Data extracted from a collection:
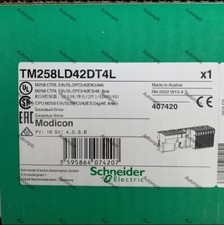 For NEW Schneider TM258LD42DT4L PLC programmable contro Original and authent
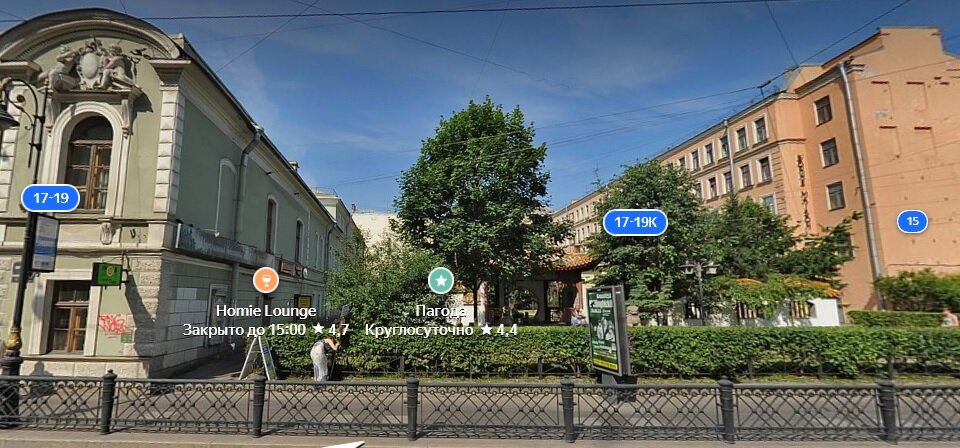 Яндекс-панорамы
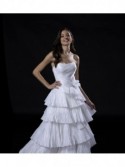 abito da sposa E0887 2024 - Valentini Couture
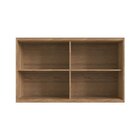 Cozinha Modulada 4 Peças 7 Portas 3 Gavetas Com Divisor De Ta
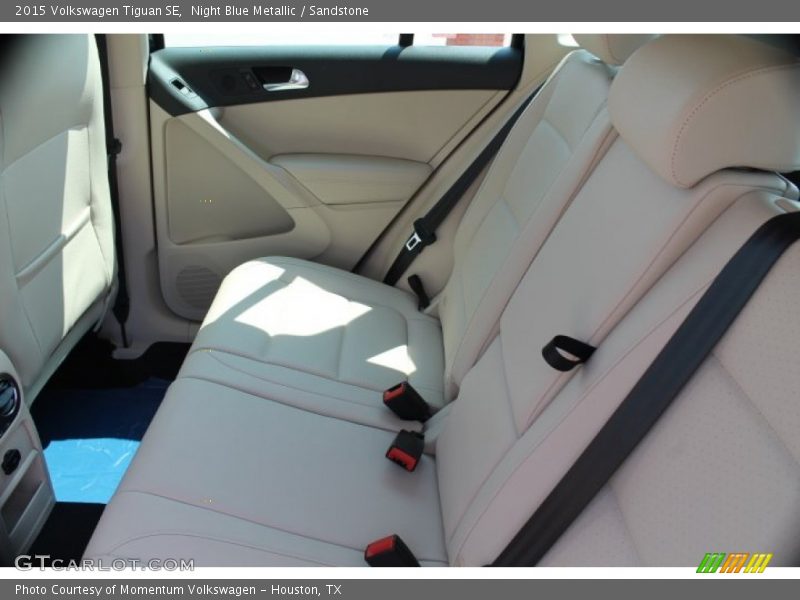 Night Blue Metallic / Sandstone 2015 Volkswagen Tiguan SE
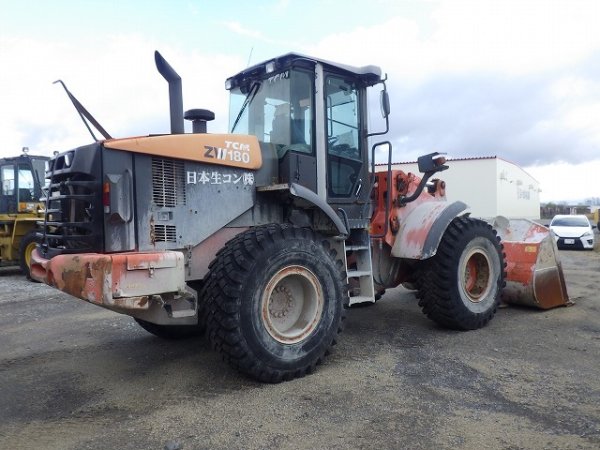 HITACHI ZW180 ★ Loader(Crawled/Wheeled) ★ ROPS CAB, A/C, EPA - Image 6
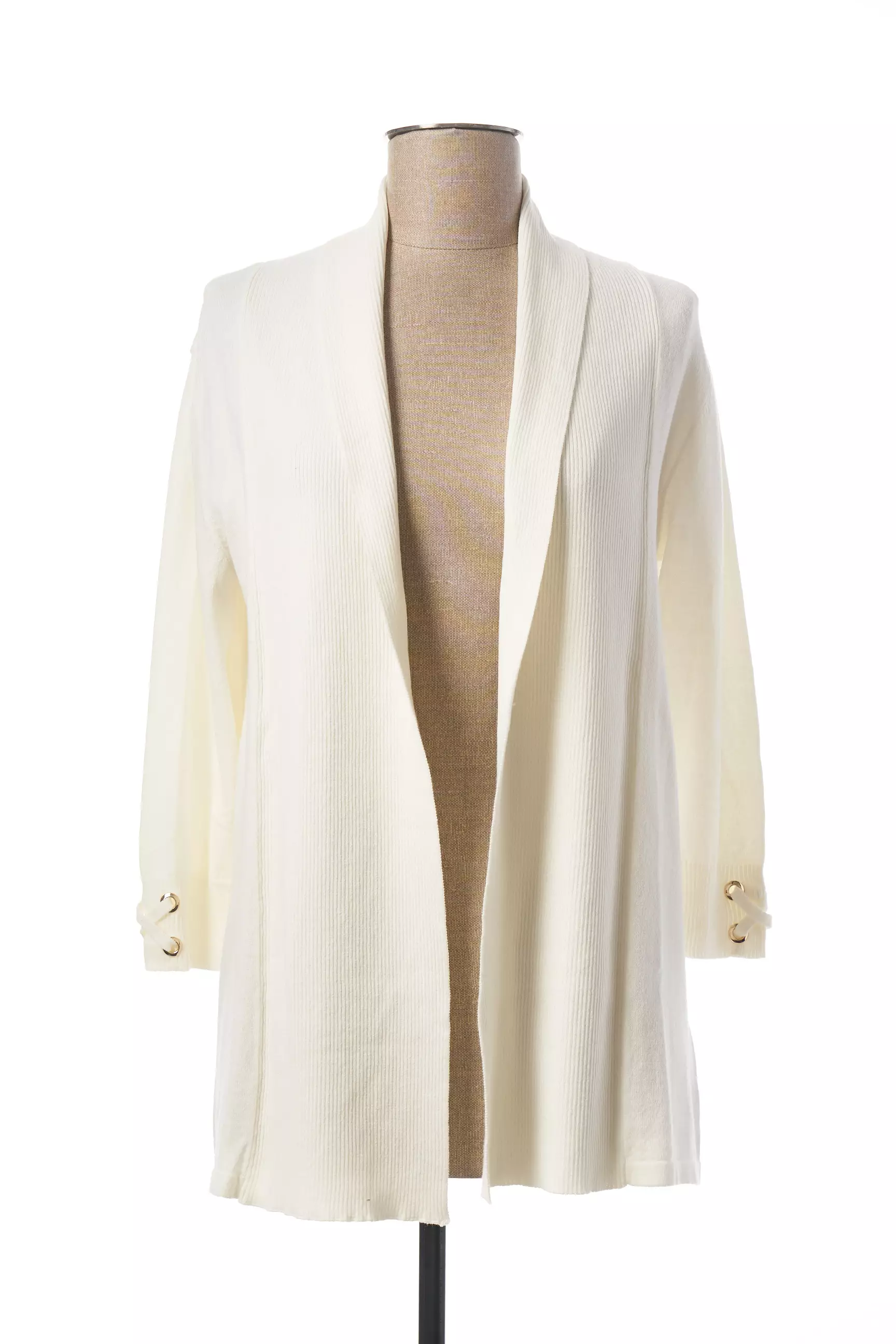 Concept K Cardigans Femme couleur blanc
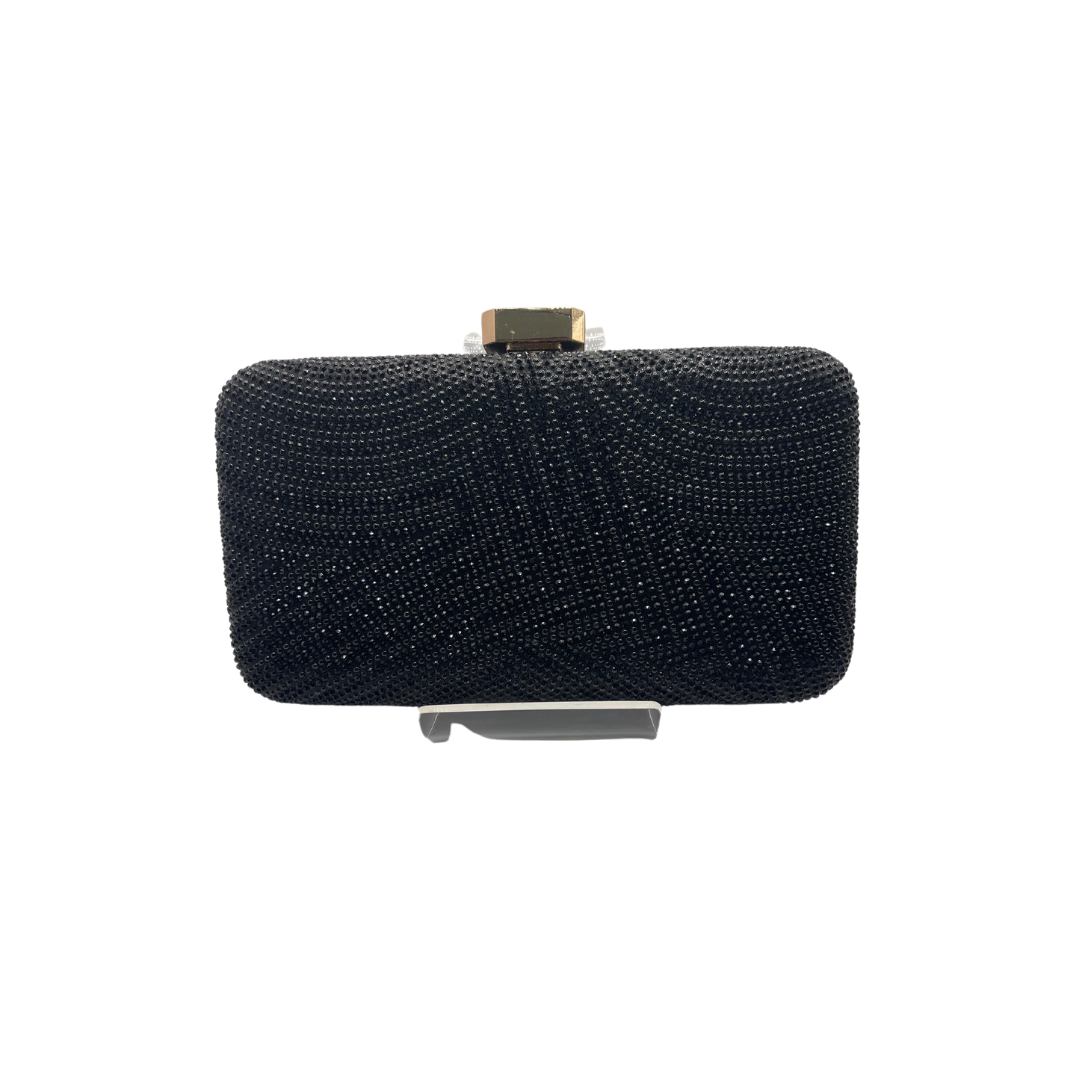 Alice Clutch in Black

> _THE PROBLEM_: Please copy the data above word for word, but only from the line that contains "Concept K Cardigans Femme couleur blanc" through the final line, both included, and without the pictures.

> _EXERCISE RESULT_:
 Concept K Cardigans Femme couleur blanc
 Alice Clutch in Black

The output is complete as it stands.